-- SOURCE DATA follows --
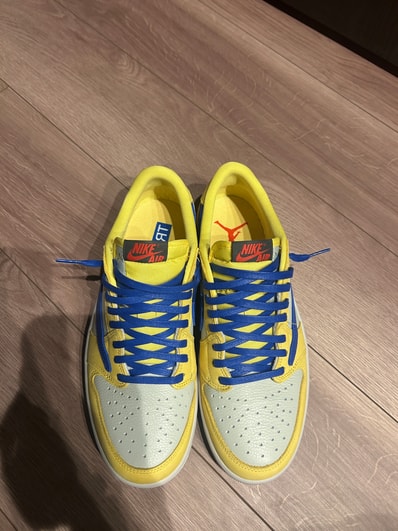 Travis Scott × Nike Women's Air Jordan 1 Retro Low OG "Canary"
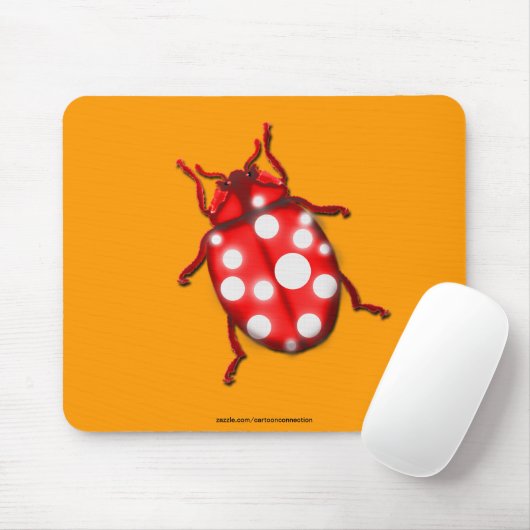 Lady Bug-cadeautjes voor bugglovers en tuinmannen Muismat (Met muis)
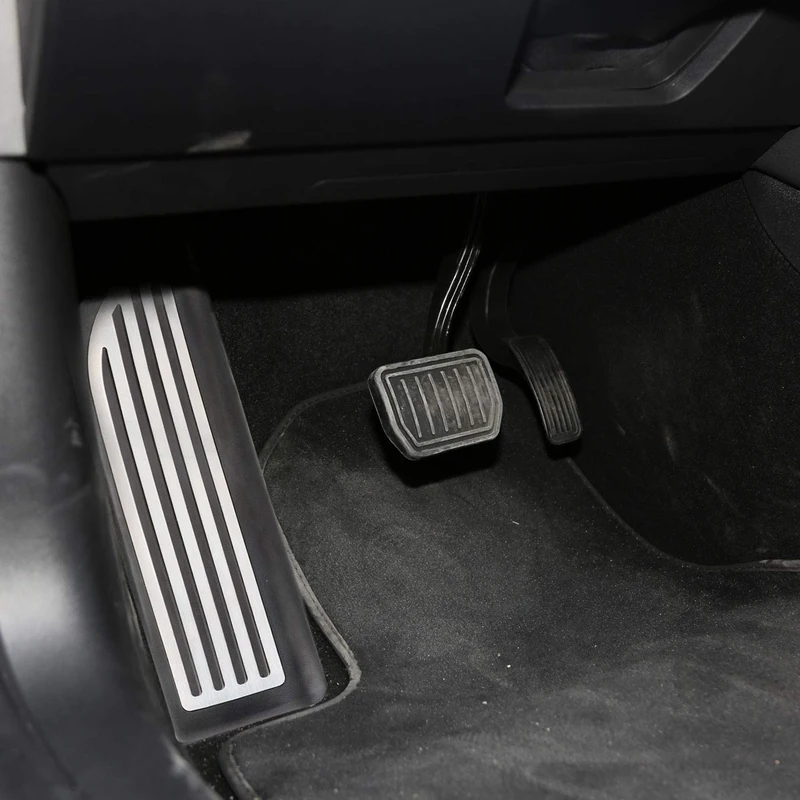 Модель 3 ног накладка на &quotмертвую педаль&quot из нержавеющей стали Нескользящая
-- SOURCE DATA concluded --
**TO DO**
Return all the data above as written, leaving out only the pictures.

**RESPONSE AREA**
 Travis Scott × Nike Women's Air Jordan 1 Retro Low OG "Canary"
 Lady Bug-cadeautjes voor bugglovers en tuinmannen Muismat (Met muis)
 Модель 3 ног накладка на &quotмертвую педаль&quot из нержавеющей стали Нескользящая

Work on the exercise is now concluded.